Enterprise Application Development - changes needed




While reading a recent Forrester research report on - The Top Five Changes For Application Development, I was attracted towards the suggestion that enterprises re-invent themselves to think and behave like startups.

In the changed business environment following the recessionary times we've been through, it becomes even more important for enterprises to learn from startups. The need to be nimble, quick and able to satisfy shifting customer requirements, rapidly respond to competition, quickly change tracks when things are not working, slow down when business is slow but move swiftly when the “tipping point” arrives – all attributes that enterprises, should pickup from their startup brethren.

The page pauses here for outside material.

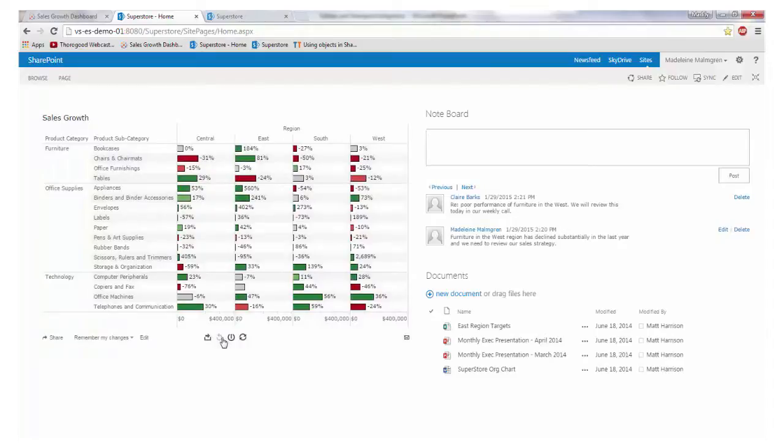This can also be customised so you are able to pick and choose which Tableau server features are made available to the user within SharePoint.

Other significant attributes of startups that enterprises would do well to learn include the following.
  • For your developers to know the inner workings of your business and understanding what customers want, what competitors are doing, and what it will take to create a great user experience. Given that startups have very little resources, they have to be focussed on what will give the maximum return on investment, which in turn translates to doing exactly those activities that can be linked to their ability to generate revenue.
  • Discard wasteful, redundant and non-value-add process steps from your Development process. Continuing from the earlier point about startups being business focussed, we also observe that startups do not adopt elaborate development processes or expensive tools. Their focus is on having just-enough processes and tooling to deliver solutions asap. Enterprises can pick up a lesson or two from startups here and challenge the status quo in their organizations by questioning the need for heavy-weight processes vis-a-vis their value proposition.
  • Incorporate Agility into your DNA. Like startups who are glued to their customer requirements and competition, both of which have a common attribute – change, it is important for enterprises to align process, methods, resources and the organization itself towards agility. Being able to discard methods or even projects that no longer make business sense, being able to rapidly respond to changing customer requirements and market conditions while realizing that your organization's course is not set in stone, is key. It might make for sound business sense to explore Agile development practices for your organization.
  • Do more with less. It is easy to focus on doing one of them – either more or less. The challenge is doing both; do more with less … also known as being “Lean and Mean”. This isn't a totally new attribute but rather an extension of the previously mentioned startup attributes – focus on what is important and smartly organize all your resources towards projects that have the most business impact, discard waste and be focussed on value generation, ensure your developers know the business thoroughly and understand what matters most in a project – technical genius is useless if the user experience of your product or service is bad.
The quote by Niccolò Machiavelli: "Never waste the opportunities created by a good crisis", is very apt. The recessionary times have reinforced the theory of survival of the fittest. Organizations will need to adopt practices that will help deliver better, quicker and cheaper – while meeting customer requirements, reducing costs, innovating and  responding to market opportunities quicker than the competition.